The hypothetical planet is so far away, its orbital period around the Sun is estimated at ten thousand years. By comparison, Pluto, the solar system’s best known dwarf, and outermost planet, completes a lap around the Sun in about two-hundred-and-forty-eight years.
But back to Planet Nine. Before even confirming the body even exists, astronomers are trying to figure out its origins. Wouldn’t that be easier once the planet is found? Whatever, some scientists believe it formed relatively close to the Sun, before being dispatched to the solar system’s outer reaches after a run-in with Jupiter.
Others, however, think Planet Nine is an exoplanet, a once rogue exoplanet possibly, that was captured by the Sun, after straying a little too closely to our solar system.
The final scenario sounds like a plot line from a B-grade sci-fi movie, and it seems to be comparably unlikely.

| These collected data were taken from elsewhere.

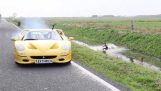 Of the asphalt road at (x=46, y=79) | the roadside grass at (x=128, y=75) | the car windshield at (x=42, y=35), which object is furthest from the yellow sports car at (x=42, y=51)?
the roadside grass at (x=128, y=75)

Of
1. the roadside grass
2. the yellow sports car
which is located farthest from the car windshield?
the roadside grass

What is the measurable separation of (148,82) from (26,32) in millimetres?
5482

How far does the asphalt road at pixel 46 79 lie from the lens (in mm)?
8432

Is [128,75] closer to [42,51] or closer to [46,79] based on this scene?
[46,79]

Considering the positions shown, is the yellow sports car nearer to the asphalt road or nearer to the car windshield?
the asphalt road

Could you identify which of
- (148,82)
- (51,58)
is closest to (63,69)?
(51,58)

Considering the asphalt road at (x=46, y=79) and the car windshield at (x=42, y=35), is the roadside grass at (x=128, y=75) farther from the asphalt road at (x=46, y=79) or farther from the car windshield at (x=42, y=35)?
the car windshield at (x=42, y=35)

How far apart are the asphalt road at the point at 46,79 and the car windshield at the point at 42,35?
112 cm

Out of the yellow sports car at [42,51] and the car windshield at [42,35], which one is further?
the car windshield at [42,35]

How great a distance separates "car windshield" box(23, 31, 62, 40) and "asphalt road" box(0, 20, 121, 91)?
112cm

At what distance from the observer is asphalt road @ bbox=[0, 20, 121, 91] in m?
8.43

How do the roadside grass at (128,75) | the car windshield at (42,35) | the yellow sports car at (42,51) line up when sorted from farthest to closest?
the car windshield at (42,35), the yellow sports car at (42,51), the roadside grass at (128,75)

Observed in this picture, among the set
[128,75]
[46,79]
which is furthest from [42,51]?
[128,75]

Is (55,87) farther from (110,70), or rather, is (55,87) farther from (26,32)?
(26,32)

Planet Nine could be an extraterrestrial invader. “Planet 9 may be an exoplanet in our own solar system,” said Gongjie Li, another astronomer at Harvard’s Center for Astrophysics whose recent modelling paper explores this very possibility, among others.
I’m not sure though I like the notion of Planet Nine being described as “a plot line from a B-grade sci-fi movie”, since it’s an idea I’ve been kicking around, as if it were a cosmic soccer ball, so to speak, in one of my sci-fi writing projects.